WORK INSTRUCTIONS =
When you reach the line with "are there over-the-counter" in the records below, begin transcribing exactly and continue up to and including the line with "Zitat von Joachim Fuchsberger 7", leaving out every picture.
Top of MATERIAL FOR THIS EXERCISE
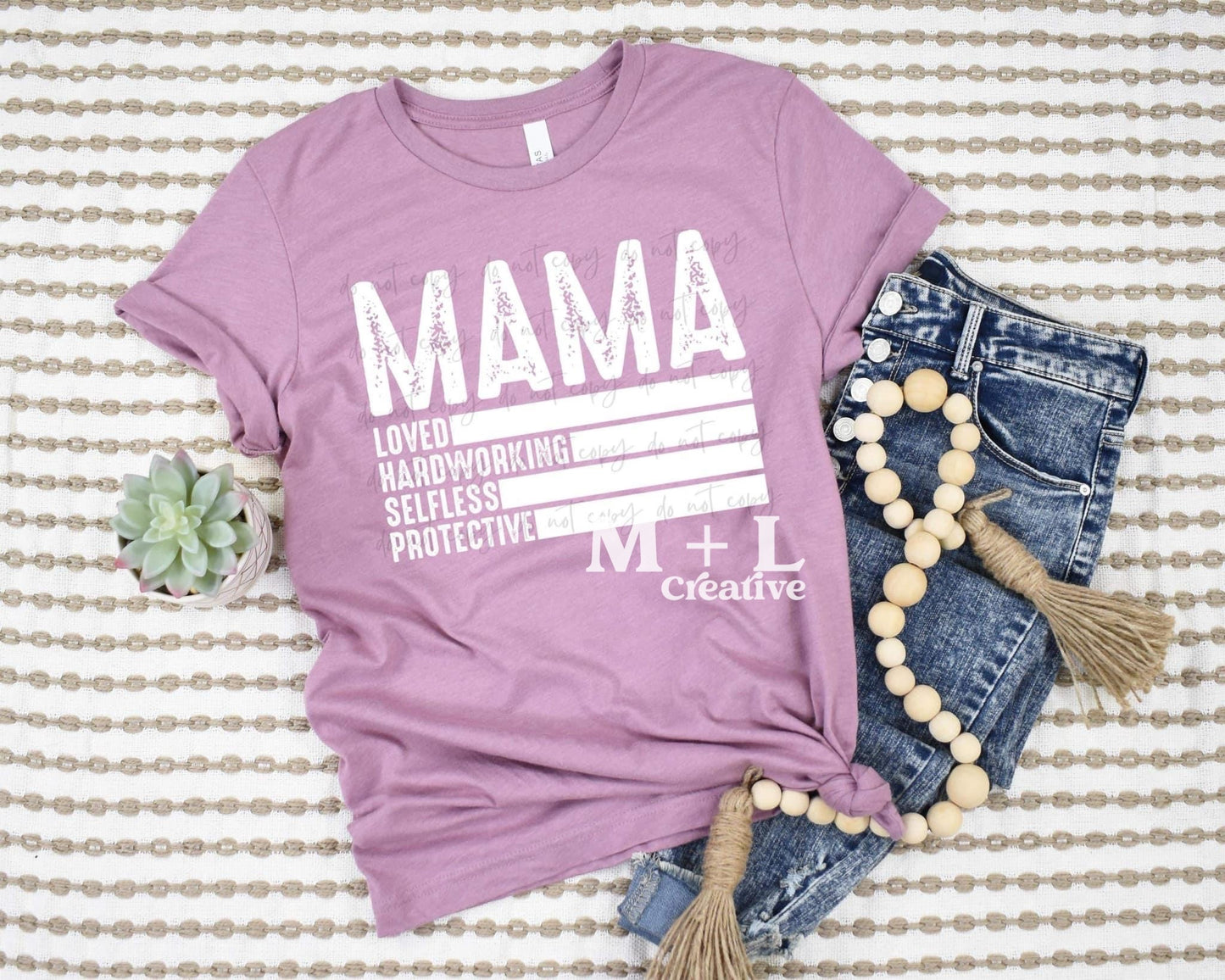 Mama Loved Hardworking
Bottom of MATERIAL FOR THIS EXERCISE
Top of MATERIAL FOR THIS EXERCISE
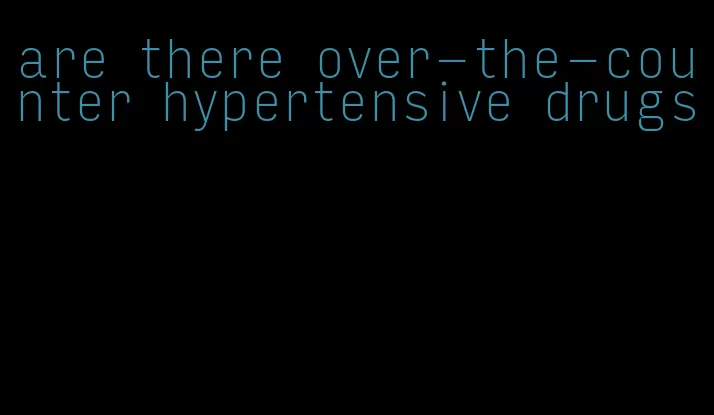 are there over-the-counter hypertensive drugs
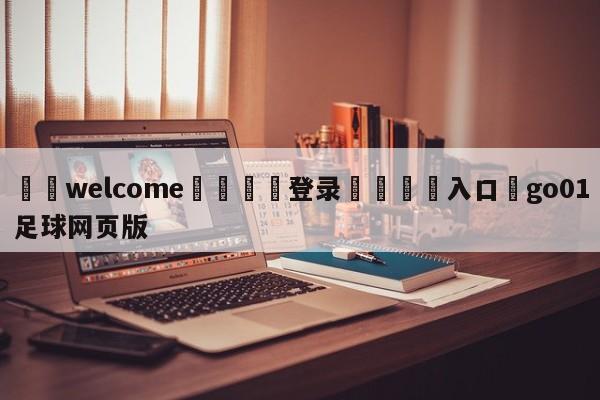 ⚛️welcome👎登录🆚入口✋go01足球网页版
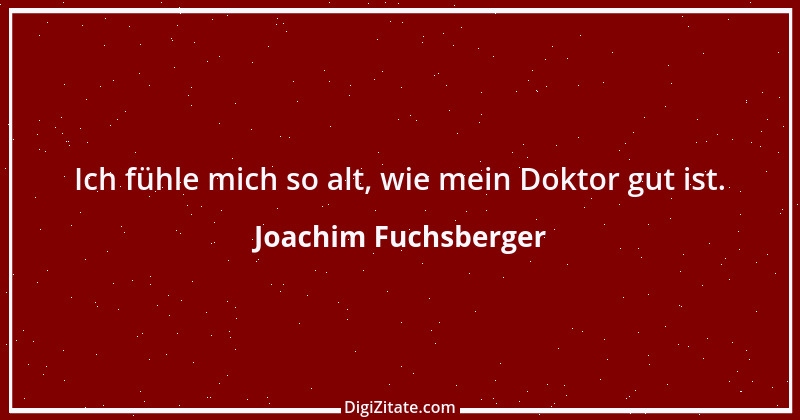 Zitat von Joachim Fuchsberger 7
Bottom of MATERIAL FOR THIS EXERCISE
SOLUTION =
 are there over-the-counter hypertensive drugs
 ⚛️welcome👎登录🆚入口✋go01足球网页版
 Zitat von Joachim Fuchsberger 7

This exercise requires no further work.